== ABOUT THIS TASK ==
The listing is to be returned word for word, without its images.

※

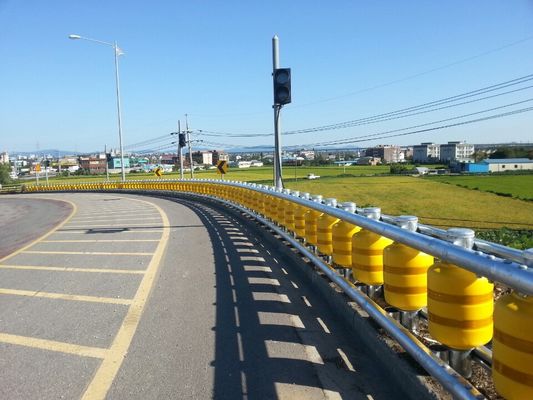 Good price International Level 4 Rolling Guardrail Barrier Including 85 MICRO Zinc Coating and Beam Variants 1 2 3 4 5pcs for Road Safety en ligne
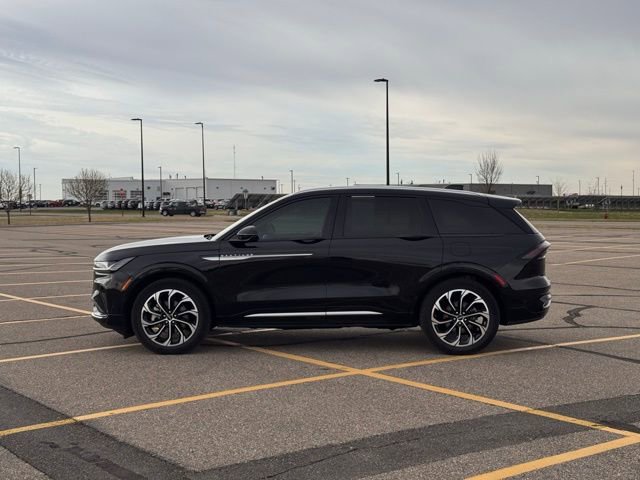 Used 2024 Lincoln Nautilus Reserve w/ Equipment Group 203A AWD/4WD image 37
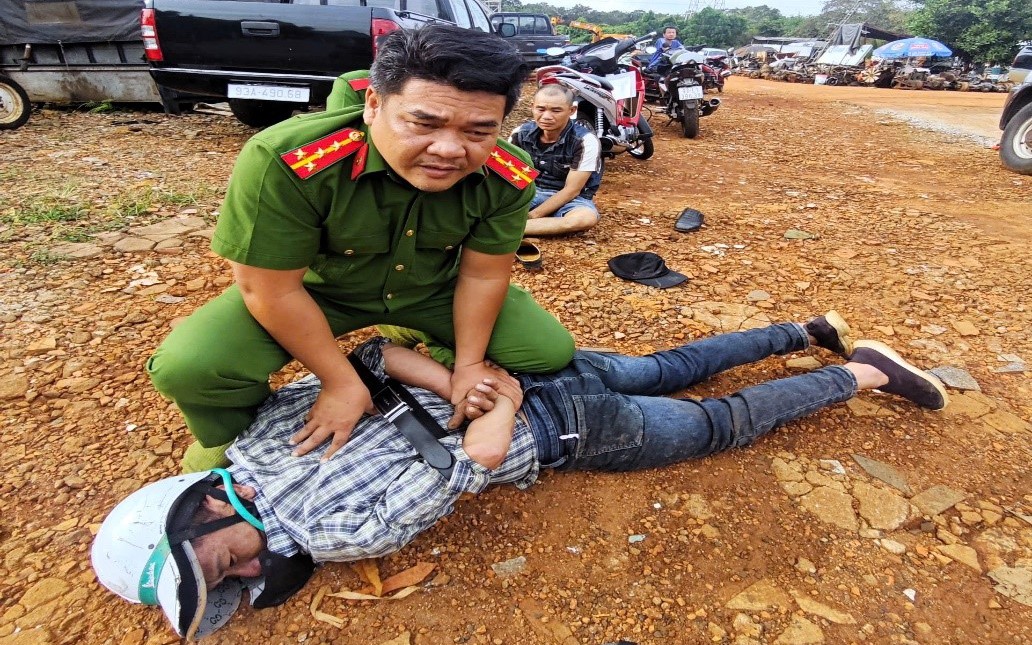 Công an truy đuổi hơn 5 km kẻ có hàng loạt tiền án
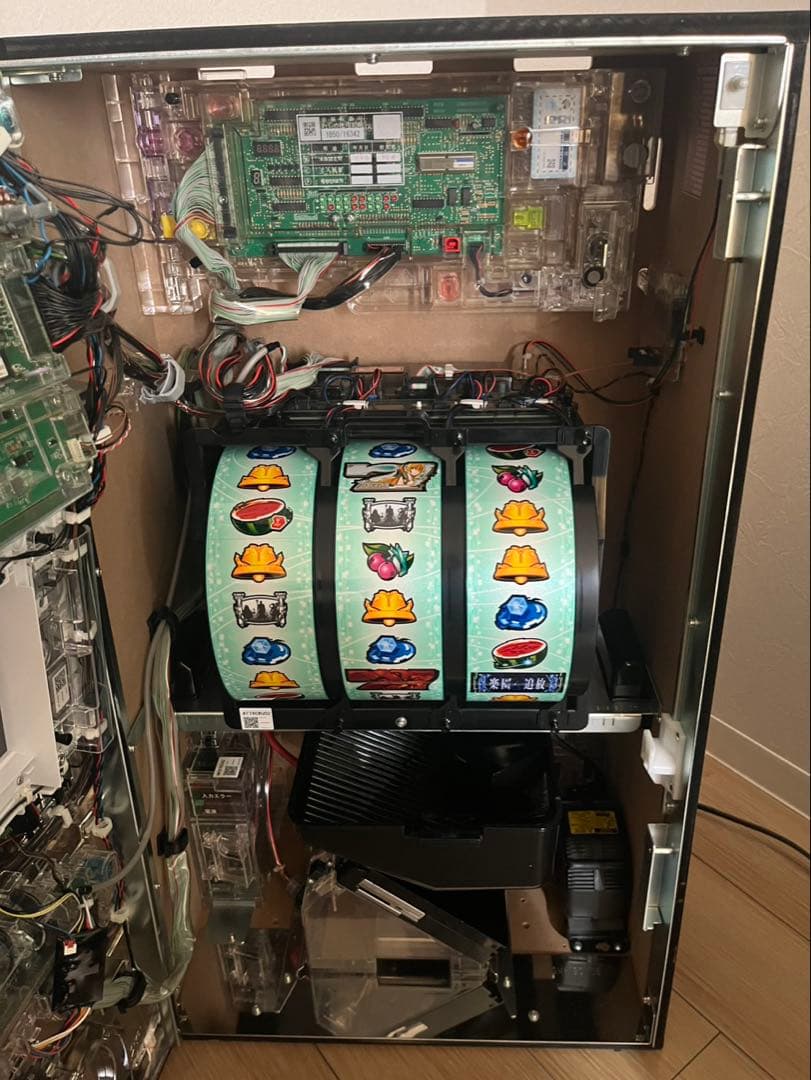 幼女戦記 スロットマシン 赤 楽園追放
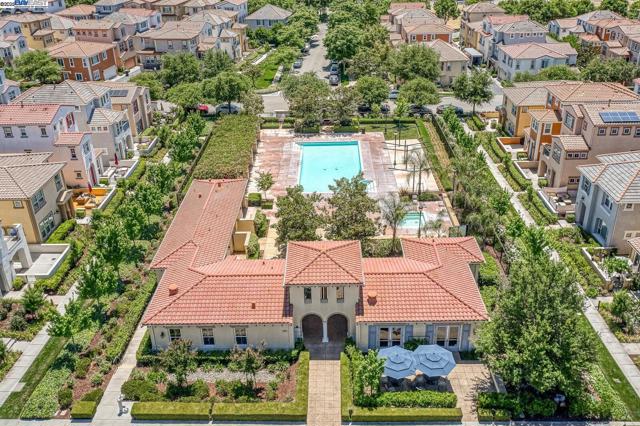 140 Selby Ln, Livermore CA: https://media.crmls.org/mediaz/424cfb9a-40e4-4ce4-927f-a744d9eb8e74.jpg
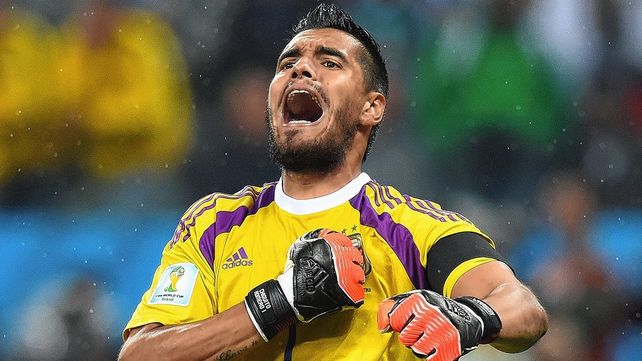 El arquero Sergio Romero por el momento descarta la posibilidad de volver a atajar en el país.&nbsp;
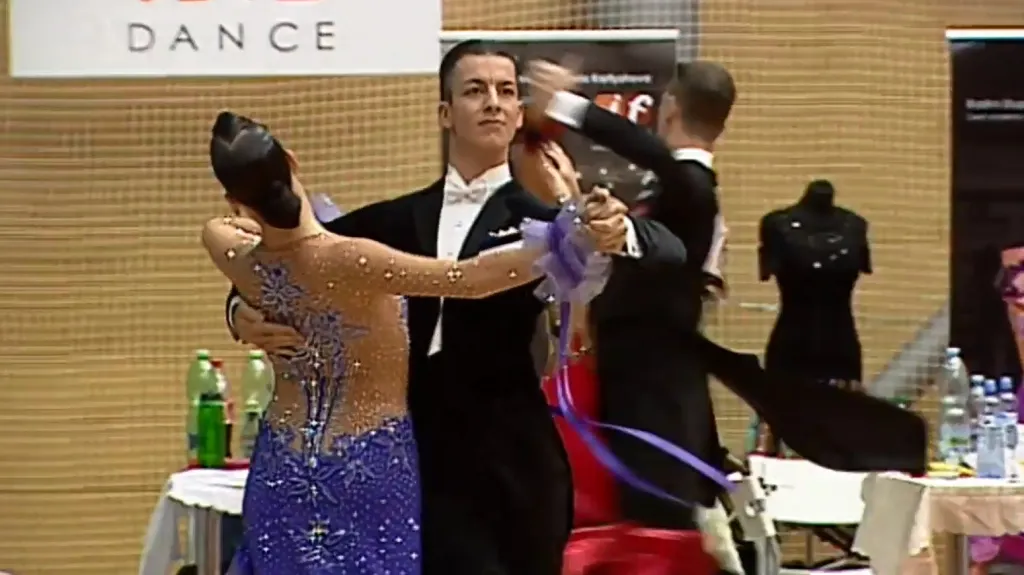 Mistrem republiky ve standardních tancích družstev se stala Kometa Brno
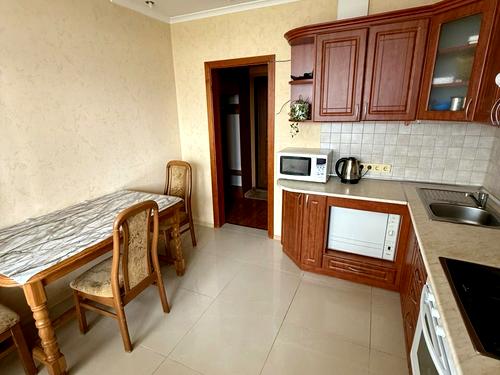 квартира за адресою Верховинна вул., 35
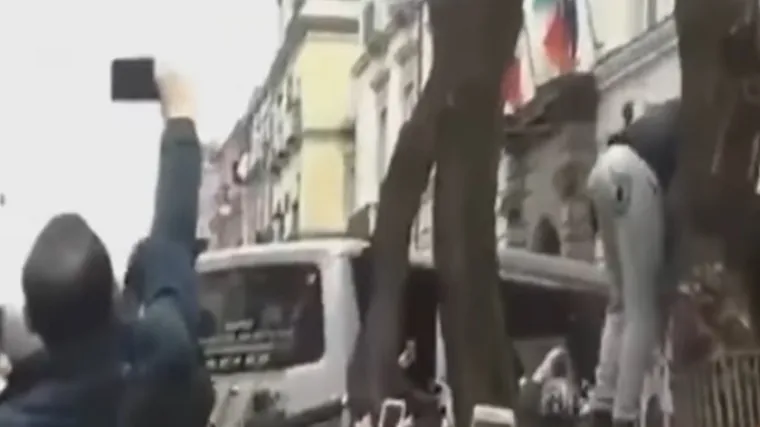 Napolijevi navijači Modriću i dru&scaron;tvu dali uvid u ono &scaron;to ih čeka na stadionu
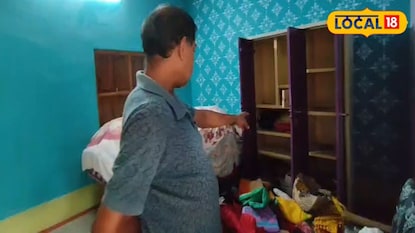 ফরাক্কায় চুরির ঘটনার পর ঘরের ভিতর পড়ে থাকা ফাঁকা আলমারি এবং ছড়িয়ে ছিটিয়ে থাকা জিনিসপত্র ফরাক্কায় চুরির ঘটনার পর ঘরের ভিতর পড়ে থাকা ফাঁকা আলমারি এবং ছড়িয়ে ছিটিয়ে থাকা জিনিসপত্র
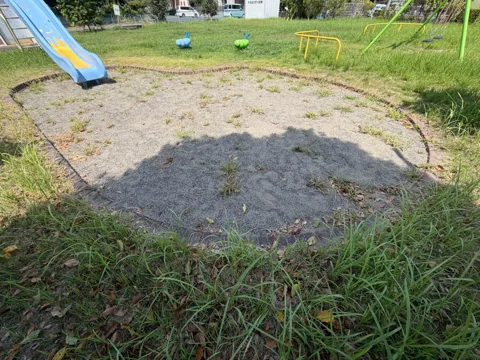竜洋中島公園：滑り台の着地点に広がる砂地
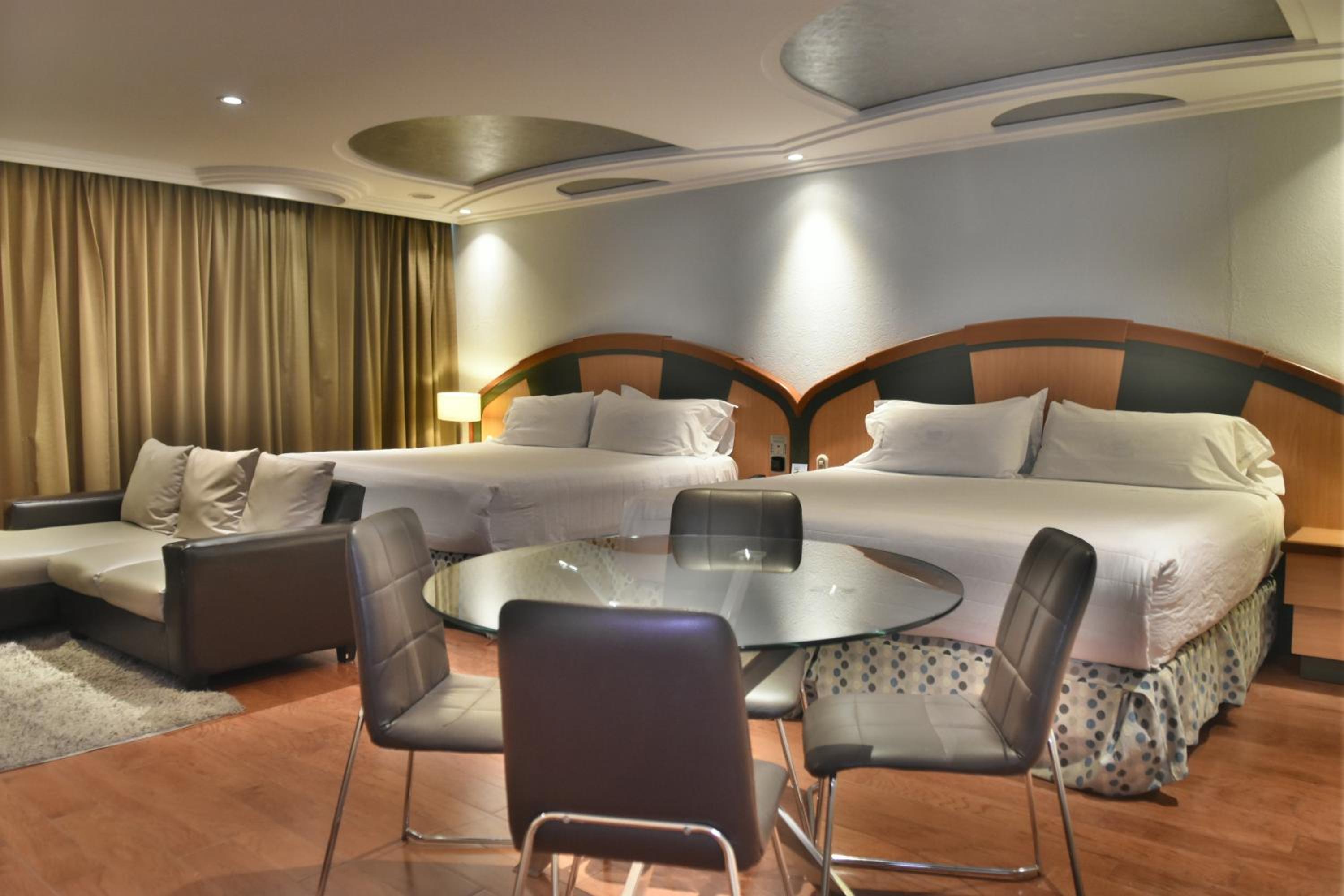 Superior Family Room photo 1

※

== YOUR RESPONSE ==
 Good price International Level 4 Rolling Guardrail Barrier Including 85 MICRO Zinc Coating and Beam Variants 1 2 3 4 5pcs for Road Safety en ligne
 Used 2024 Lincoln Nautilus Reserve w/ Equipment Group 203A AWD/4WD image 37
 Công an truy đuổi hơn 5 km kẻ có hàng loạt tiền án
 幼女戦記 スロットマシン 赤 楽園追放
 140 Selby Ln, Livermore CA: https://media.crmls.org/mediaz/424cfb9a-40e4-4ce4-927f-a744d9eb8e74.jpg
 El arquero Sergio Romero por el momento descarta la posibilidad de volver a atajar en el país.&nbsp;
 Mistrem republiky ve standardních tancích družstev se stala Kometa Brno
 квартира за адресою Верховинна вул., 35
 Napolijevi navijači Modriću i dru&scaron;tvu dali uvid u ono &scaron;to ih čeka na stadionu
 ফরাক্কায় চুরির ঘটনার পর ঘরের ভিতর পড়ে থাকা ফাঁকা আলমারি এবং ছড়িয়ে ছিটিয়ে থাকা জিনিসপত্র ফরাক্কায় চুরির ঘটনার পর ঘরের ভিতর পড়ে থাকা ফাঁকা আলমারি এবং ছড়িয়ে ছিটিয়ে থাকা জিনিসপত্র
竜洋中島公園：滑り台の着地点に広がる砂地
 Superior Family Room photo 1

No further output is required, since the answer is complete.